Otro vicio veraniego era la australiana Los rompecorazones (19941999). Era la historia de los alumnos del Hartley Heights, un instituto con mucha diversidad por la ascendencia y el nivel económico de las familias. En un contexto actual donde la denuncia social está muy presente en el audiovisual que nos llega, se tendría que valorar especialmente el trabajo de Tim Gooding, Elizabeth Coleman y Philip Dalkin, los creadores, por combinar líos con tramas episódicas de cariz social. Quizá muchos espectadores recuerdan la etapa de Drazic y Anita, una pareja de aquellas muy enamoradas pero que no acaban de funcionar. Pero ellos ni siquiera estaban presentes en la primera clase de alumnos. Al principio la serie se centraba en los Poulos y era un ejercicio de empatía, de conciencia de comunidad, de entender el otro. No lo sabíamos y Los rompecorazones nos llevaba por el buen camino, proponiéndonos dilemas. Además de darnos drama teen, nos ayudaba a desarrollar la brújula moral.

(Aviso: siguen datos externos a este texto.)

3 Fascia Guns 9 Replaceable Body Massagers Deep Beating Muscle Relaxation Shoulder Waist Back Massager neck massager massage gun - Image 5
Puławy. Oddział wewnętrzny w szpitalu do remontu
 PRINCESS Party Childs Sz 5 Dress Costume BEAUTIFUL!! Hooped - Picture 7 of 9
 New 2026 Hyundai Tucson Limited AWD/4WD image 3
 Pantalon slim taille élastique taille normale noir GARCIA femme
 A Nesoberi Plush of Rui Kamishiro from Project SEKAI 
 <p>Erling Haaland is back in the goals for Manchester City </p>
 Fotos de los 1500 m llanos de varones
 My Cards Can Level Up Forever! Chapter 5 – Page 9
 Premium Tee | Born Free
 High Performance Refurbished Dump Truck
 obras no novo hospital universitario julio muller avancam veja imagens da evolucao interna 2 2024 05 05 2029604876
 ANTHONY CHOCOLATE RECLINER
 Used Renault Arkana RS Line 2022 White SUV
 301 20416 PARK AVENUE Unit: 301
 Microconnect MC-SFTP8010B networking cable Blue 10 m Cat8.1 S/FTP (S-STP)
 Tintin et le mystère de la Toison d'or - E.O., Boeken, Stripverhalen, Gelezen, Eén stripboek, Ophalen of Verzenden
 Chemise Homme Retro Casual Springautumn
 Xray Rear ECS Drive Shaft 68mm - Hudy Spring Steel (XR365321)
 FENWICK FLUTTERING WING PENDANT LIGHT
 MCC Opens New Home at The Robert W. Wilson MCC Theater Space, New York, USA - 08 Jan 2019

Y, finalmente, en el 2004 tuvimos OC (2003-2007) en el prime time, que enseñaba rebeldía. El punto de partida lo protagonizaba Ryan, un chico conflictivo a quien acogían los Cohen, una familia millonaria. Eso sí, rápidamente la serie la robó Mischa Barton en el papel de Marissa Cooper, la pobre niña rica que ahogaba los problemas y la incomprensión con toneladas de alcohol. No tenía nada de modelo que seguir: se ponía un chorrito de vodka en el café de primera hora de la mañana. Estaba tan fascinado por el instinto autodestructivo de Marissa que, aparte de pasarme al vodka solo con hielo, fui a un preestreno en Barcelona de una película de Barton. Me hice una foto con ella y le expliqué que estudiaba periodismo y que esperaba reencontrarnos más adelante en una entrevista. Un año más tarde y después de encadenar unos cuantos fracasos, Barton ingresó en un centro psiquiátrico porque representaba un peligro para sí misma. Al salir, todas las puertas se le habían cerrado. Y, si bien ahora está en activo y participa en un reality de gente guapa (The hills) compartiendo cenas con el hijo de Pamela Anderson, no ha vuelto nunca más a la primera línea de la ficción. Pero aquí un fan de su trabajo como Marissa, icono de la autodestrucción, sigue cruzando los dedos, que la entrevista está pendiente.